Antes de la crisis, hacía falta un aumento anual del crédito de un 10-15% para que el PIB nominal creciera un 5%
¿Quiere esto decir que tenemos que decidir entre estancamiento secular (por falta de crédito) o mayor crecimiento basado en deuda pero con el efecto colateral de crisis financieras periódicas? Según Turner, no, porque en principio no necesitamos tanto crédito para crecer. El problema que tenemos ahora es que mucho del crédito no va destinado a generar demanda o actividad productiva. La gran mayoría va destinado al sector inmobiliario, tanto residencial como comercial. También aquí las cifras son llamativas. Solo el 14% de todo el crédito que se otorga en Reino Unido va a parar a actividades que no tienen que ver con el sector inmobiliario, y es muy probable que la cifra sea muy parecida en otros países desarrollados. Volviendo a nuestro símil, este crédito no crea músculo o neuronas, más bien grasa que atrofia.
El diablo pintado de rojo
Esto nos lleva al tercer problema del sector financiero: la desigualdad. Esta no viene tanto por el hecho de que los salarios en el sector financiero son un 50% más altos que en otras profesiones con mismos niveles de cualificación, que también, sino porque la evidencia demuestra que cuando alguien compra una casa acentúa todavía más su estatus social. La persona pudiente va a tener más recursos para poder comprar en una zona más cara y a un tipo de interés más bajo, mientras que alguien de clase media-baja no va a tener esa oportunidad. Además, cuando llega una recesión es muy probable que pierda su trabajo y tenga que vender la casa, haciéndose más pobre. En cambio, la persona más rica tendrá más probabilidades de capear el temporal o incluso aprovechar la bajada de precios para invertir y así aumentar su patrimonio.
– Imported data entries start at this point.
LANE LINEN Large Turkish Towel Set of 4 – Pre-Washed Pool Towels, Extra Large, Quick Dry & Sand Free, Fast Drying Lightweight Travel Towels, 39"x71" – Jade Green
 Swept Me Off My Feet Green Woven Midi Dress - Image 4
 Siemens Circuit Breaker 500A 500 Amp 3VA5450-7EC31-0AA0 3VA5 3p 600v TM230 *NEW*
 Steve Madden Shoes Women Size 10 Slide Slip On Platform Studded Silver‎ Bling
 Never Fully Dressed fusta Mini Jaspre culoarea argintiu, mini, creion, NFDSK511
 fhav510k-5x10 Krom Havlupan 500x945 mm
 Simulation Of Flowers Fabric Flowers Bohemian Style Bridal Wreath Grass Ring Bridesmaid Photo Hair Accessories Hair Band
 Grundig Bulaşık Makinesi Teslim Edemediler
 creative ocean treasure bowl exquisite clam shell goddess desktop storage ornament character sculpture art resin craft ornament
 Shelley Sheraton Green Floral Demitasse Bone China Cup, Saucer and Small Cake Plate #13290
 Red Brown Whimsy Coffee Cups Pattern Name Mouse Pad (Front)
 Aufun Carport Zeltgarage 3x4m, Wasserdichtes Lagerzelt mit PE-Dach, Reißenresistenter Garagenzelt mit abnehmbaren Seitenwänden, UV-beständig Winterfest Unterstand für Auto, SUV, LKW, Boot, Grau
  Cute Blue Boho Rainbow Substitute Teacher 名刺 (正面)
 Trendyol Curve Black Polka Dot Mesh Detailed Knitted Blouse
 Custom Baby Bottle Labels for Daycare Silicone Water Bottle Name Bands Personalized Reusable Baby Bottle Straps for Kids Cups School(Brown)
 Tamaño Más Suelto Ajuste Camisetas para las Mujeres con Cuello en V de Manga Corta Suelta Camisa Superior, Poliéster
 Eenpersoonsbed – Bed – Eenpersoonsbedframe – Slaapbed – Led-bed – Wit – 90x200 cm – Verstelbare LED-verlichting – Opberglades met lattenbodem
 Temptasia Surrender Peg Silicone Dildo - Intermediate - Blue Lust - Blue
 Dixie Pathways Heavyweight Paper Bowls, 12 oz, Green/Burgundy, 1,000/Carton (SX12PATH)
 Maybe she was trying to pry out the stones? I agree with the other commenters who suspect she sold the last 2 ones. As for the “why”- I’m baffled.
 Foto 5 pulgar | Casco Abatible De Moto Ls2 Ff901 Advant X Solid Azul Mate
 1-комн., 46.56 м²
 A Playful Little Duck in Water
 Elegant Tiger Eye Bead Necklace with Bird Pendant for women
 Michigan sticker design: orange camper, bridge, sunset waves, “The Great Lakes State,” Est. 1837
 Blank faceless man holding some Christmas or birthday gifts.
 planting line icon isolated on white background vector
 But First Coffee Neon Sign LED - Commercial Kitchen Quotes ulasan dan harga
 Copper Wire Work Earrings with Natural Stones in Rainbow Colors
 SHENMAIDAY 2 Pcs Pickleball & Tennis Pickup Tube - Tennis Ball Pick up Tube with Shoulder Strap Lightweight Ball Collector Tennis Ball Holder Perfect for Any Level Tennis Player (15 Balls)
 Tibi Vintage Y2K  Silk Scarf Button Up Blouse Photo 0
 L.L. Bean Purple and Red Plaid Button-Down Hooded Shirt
Todo esto lleva a Turner a concluir que el suministro de crédito y las finanzas son demasiado importantes para dejarlos exclusivamente en manos de agentes económicos privados. Estos han demostrado su obsesión por el ladrillo y eso ha llevado al desastre en EE.UU., Irlanda y España. Para él, la solución está en reforzar la mano pública tanto en la regulación como en la distribución del capital, empezando por establecer desincentivos para invertir en vivienda, pasando por subir las reservas de capital, reducir la posibilidad de apalancamiento en el sector financiero y establecer un impuesto sobre las transacciones financieras, y acabando por la financiación monetaria de la deuda pública para estimular la demanda y la actividad productiva. Para los observadores más liberales esto es hacer un pacto con el diablo, que además en este caso estaría pintado de rojo. Nunca es fácil romper con la ortodoxia de varias décadas. Pero al final hay una ley que nunca cambia: todos los excesos son malos.